* **Scraped caption text data**
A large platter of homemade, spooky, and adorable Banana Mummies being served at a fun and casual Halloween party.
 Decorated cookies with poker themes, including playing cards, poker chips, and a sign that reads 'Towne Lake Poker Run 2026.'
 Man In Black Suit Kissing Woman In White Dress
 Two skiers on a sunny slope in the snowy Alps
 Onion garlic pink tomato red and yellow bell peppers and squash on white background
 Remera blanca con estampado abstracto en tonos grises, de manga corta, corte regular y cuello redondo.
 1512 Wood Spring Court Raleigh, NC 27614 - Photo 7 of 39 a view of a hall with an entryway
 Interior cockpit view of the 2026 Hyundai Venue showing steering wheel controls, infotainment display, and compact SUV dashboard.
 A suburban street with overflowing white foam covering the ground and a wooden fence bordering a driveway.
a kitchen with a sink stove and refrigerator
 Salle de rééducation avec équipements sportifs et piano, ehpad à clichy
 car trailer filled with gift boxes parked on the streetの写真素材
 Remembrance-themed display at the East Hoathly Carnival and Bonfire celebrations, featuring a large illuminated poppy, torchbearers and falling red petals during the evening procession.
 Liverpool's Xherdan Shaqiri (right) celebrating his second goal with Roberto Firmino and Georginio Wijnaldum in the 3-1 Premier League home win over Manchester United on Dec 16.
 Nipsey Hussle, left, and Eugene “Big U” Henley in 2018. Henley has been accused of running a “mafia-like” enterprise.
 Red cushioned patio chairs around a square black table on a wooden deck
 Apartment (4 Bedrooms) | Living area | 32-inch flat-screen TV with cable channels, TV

* **ASSIGNMENT**
Repeat every entry exactly, leaving nothing out.

* **SOLUTION FOR THIS EXERCISE**
A large platter of homemade, spooky, and adorable Banana Mummies being served at a fun and casual Halloween party.
 Decorated cookies with poker themes, including playing cards, poker chips, and a sign that reads 'Towne Lake Poker Run 2026.'
 Man In Black Suit Kissing Woman In White Dress
 Two skiers on a sunny slope in the snowy Alps
 Onion garlic pink tomato red and yellow bell peppers and squash on white background
 Remera blanca con estampado abstracto en tonos grises, de manga corta, corte regular y cuello redondo.
 1512 Wood Spring Court Raleigh, NC 27614 - Photo 7 of 39 a view of a hall with an entryway
 Interior cockpit view of the 2026 Hyundai Venue showing steering wheel controls, infotainment display, and compact SUV dashboard.
 A suburban street with overflowing white foam covering the ground and a wooden fence bordering a driveway.
a kitchen with a sink stove and refrigerator
 Salle de rééducation avec équipements sportifs et piano, ehpad à clichy
 car trailer filled with gift boxes parked on the streetの写真素材
 Remembrance-themed display at the East Hoathly Carnival and Bonfire celebrations, featuring a large illuminated poppy, torchbearers and falling red petals during the evening procession.
 Liverpool's Xherdan Shaqiri (right) celebrating his second goal with Roberto Firmino and Georginio Wijnaldum in the 3-1 Premier League home win over Manchester United on Dec 16.
 Nipsey Hussle, left, and Eugene “Big U” Henley in 2018. Henley has been accused of running a “mafia-like” enterprise.
 Red cushioned patio chairs around a square black table on a wooden deck
 Apartment (4 Bedrooms) | Living area | 32-inch flat-screen TV with cable channels, TV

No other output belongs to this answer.